Australian journalist Peter Greste will keep fighting to free his colleagues still jailed in Egypt, his family said yesterday, after he was released following more than 400 days in prison on charges of backing the Muslim Brotherhood.
Greste, an award-winning correspondent for al-Jazeera English television, flew to Cyprus with brother Michael after his release from Cairo’s Tora prison on Sunday, Egyptian officials said.
Greste was detained along with Canadian-Egyptian Mohamed Fahmy and Egyptian producer Baher Mohamed in December 2013 for allegedly aiding the blacklisted Brotherhood.
Their arrest sparked worldwide condemnation, with Washington and the UN leading calls for their release.
Fahmy’s relatives expect him to also be deported under a decree passed by Egyptian President Abdel-Fattah al-Sisi that allows for the transfer of foreigners on trial.
Canada said Greste’s release was “positive” and that it remained “very hopeful” that Fahmy would also be freed soon.
Greste’s family expressed their joy after speaking to him on the telephone and vowed his colleagues still behind bars would not be forgotten.
“He’s not going to forget his two other colleagues,” Peter’s brother Andrew said after the pair spoke on the telephone.
“He wanted me to pass on to everyone that he won’t give up the fight ... they are completely innocent as well,” Andrew Greste said. “There’s no doubt that his excitement is tempered and restrained and will be until those guys are free.”
His mother, Lois, told a news conference in their hometown of Brisbane: “I’m ecstatic.
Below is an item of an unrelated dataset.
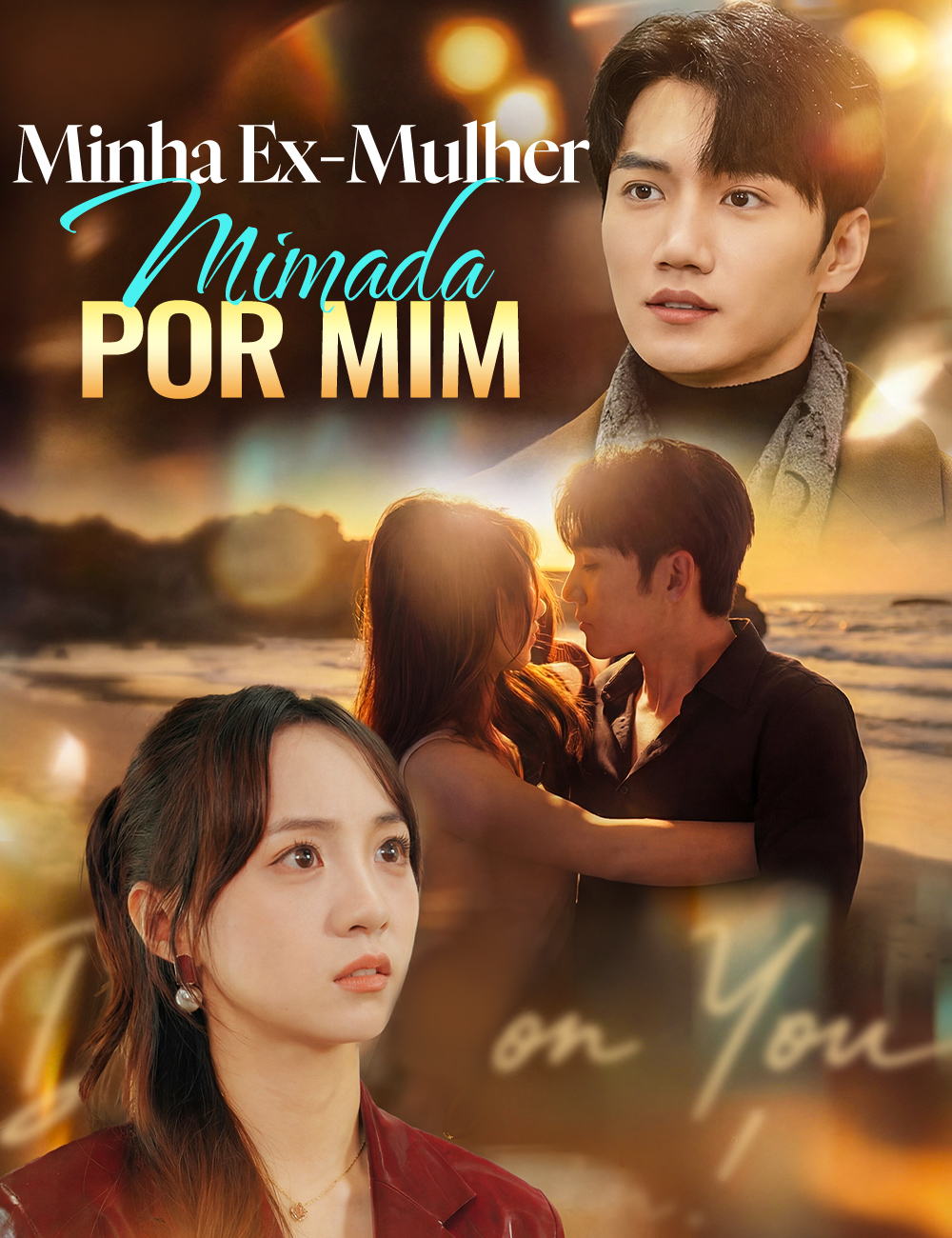 Capa de Minha Ex-Mulher, Mimada por Mim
I just can’t say how happy I am about it.”
Greste was resting in Cyprus, and his father, Juris, said it was not clear when he would arrive home.
Qatar-based al-Jazeera also vowed to pursue the campaign to free the other two journalists.
“We will not rest until Baher and Mohamed also regain their freedom,” said Mostefa Souag, acting director general of al-Jazeera Media Network.
Amnesty International said Greste’s release should not overshadow the ongoing imprisonment of Fahmy and Mohamed.
“All three men are facing trumped up charges and were forced to endure a farcical trial marred by irregularities,” Amnesty’s Hassiba Hadj Sahraoui said.